The Pima County Board of Supervisors wants a west-side resident to tear down his $135,000 guesthouse, which was erected too close to Gates Pass Road.

The board on Tuesday unanimously rejected a variance request by the Paseo Montana neighborhood homeowner to let the home he built for his visiting family members and close friends in 2010 stand, even though it is too close to the scenic route.

An attorney representing homeowner William Timmins said the decision will be appealed. He said he believes that board made the decision based on factually incorrect information.

At the heart of the neighborhood fight is precisely where the home was built, with the southern edge of the box-shaped home just 19 feet away from the edge of Gates Pass Road. This violates a 1984 subdivision condition requiring all structures be at least 85 feet north of the scenic route.

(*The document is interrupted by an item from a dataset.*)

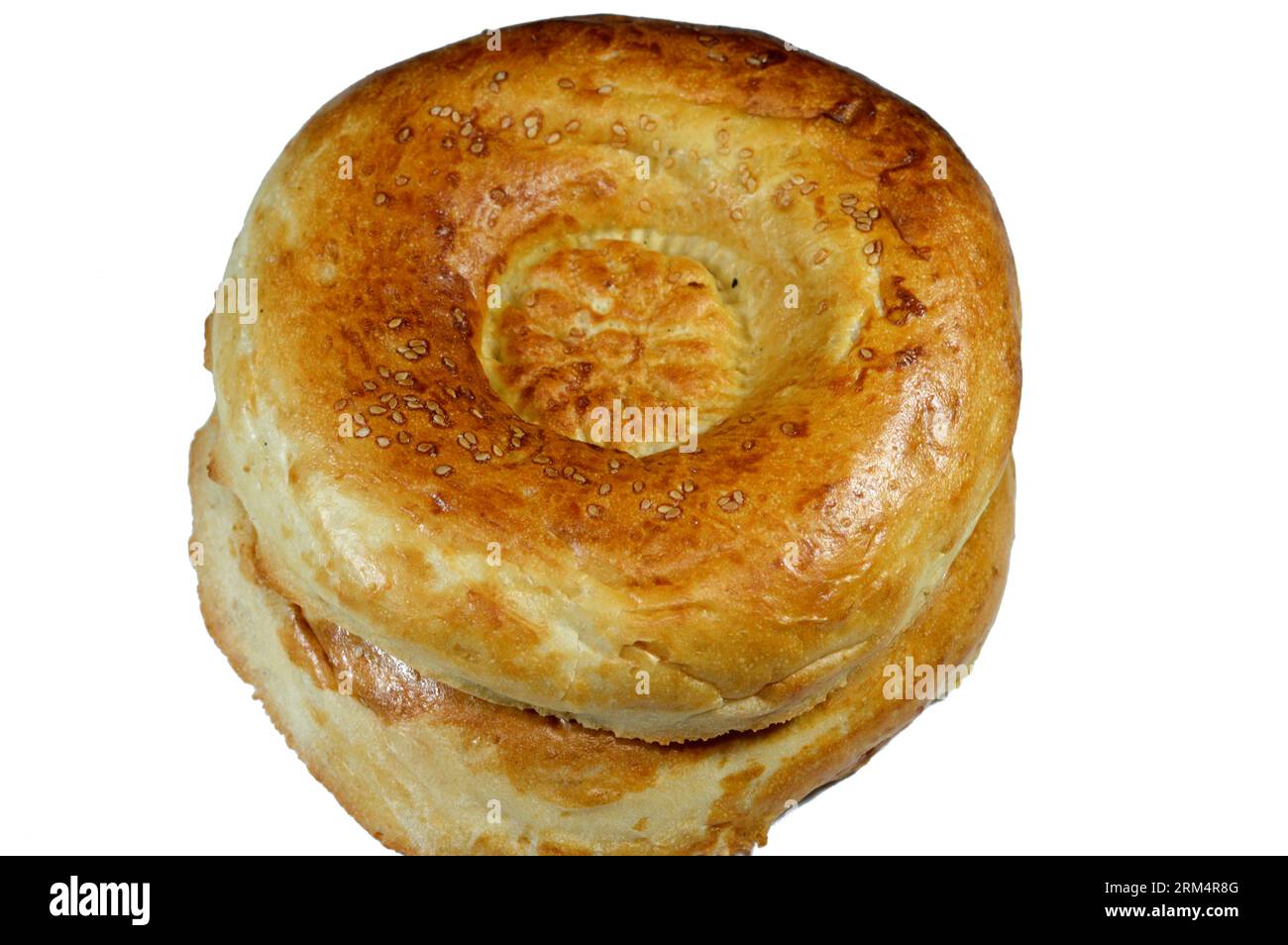 Tandyr nan Uzbek bread, a type of Central Asian bread, often decorated by  stamping patterns on the dough by using a bread stamp known as a chekich,  al Stock Photo - Alamy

Attorney Jesse Callahan pointed out that county officials initially approved the construction three years ago after reviewing the plans and making an on-site inspection.

County officials acknowledge they approved the building plans, but learned from an anonymous tip after construction had already started that the home was being built on a bluff too close to the road.

According to county documents, a portion of Timmins' guest home would have been in a flood plain had he complied with the 85-foot setback requirement.

The anonymous complaint in July 2010 forced Timmins to seek a number of variances from the county for building code violations unrelated to being too close to the road.

Although the Board of Adjustment denied those variance requests, they were overturned by a Pima County Superior Court ruling.

But Timmins still needed Board of Supervisors approval to encroach on the 85-foot scenic road buffer, since the structure was never issued a permit for that.

The board voted unanimously to deny his request.

Supervisor Richard Elías, who represents the area, said he doubts the home will be torn down anytime soon, assuming Timmins would file another lawsuit.

"It probably will take some more time," Elías said.

He dismissed arguments from Callahan that the judge in the previous suit said it would be "a waste" to tear down the structure.

He said that ruling "was very limited in scope, and generally it wasn't addressing what the people were complaining about," Elías said.

Supervisor Ray Carroll said given the three decades of experience Timmins says he has working with GPS systems in an online profile, he should not have made - or at least caught - the mistake in the first place.

"He had every available technology ... but he decided to eyeball it," Carroll said.

Carroll worried about the precedent the board would set if it had sided with the homeowner.

"Scenic roads will mean nothing in Pima County," he said. "Scenic roads are what tourists aim their cars toward because they lead to destinations we treasure."

A number of neighbors came to the morning meeting, with most opposed to the variance request.

Donald Faulkner said he was relieved that the board rejected the request but concedes the battle over the guest house is far from over.

Like the board members, Faulkner said he anticipates another legal battle. "He could build another home if he wanted to (instead of fighting)," Faulkner said.

Arguments between Timmins and some of his neighbors became heated after the board's decision, requiring a county security guard to step in to break up the argument.

County officials will begin the process to force Timmins to tear down the structure, but concede a legal fight could delay any action for months or even years.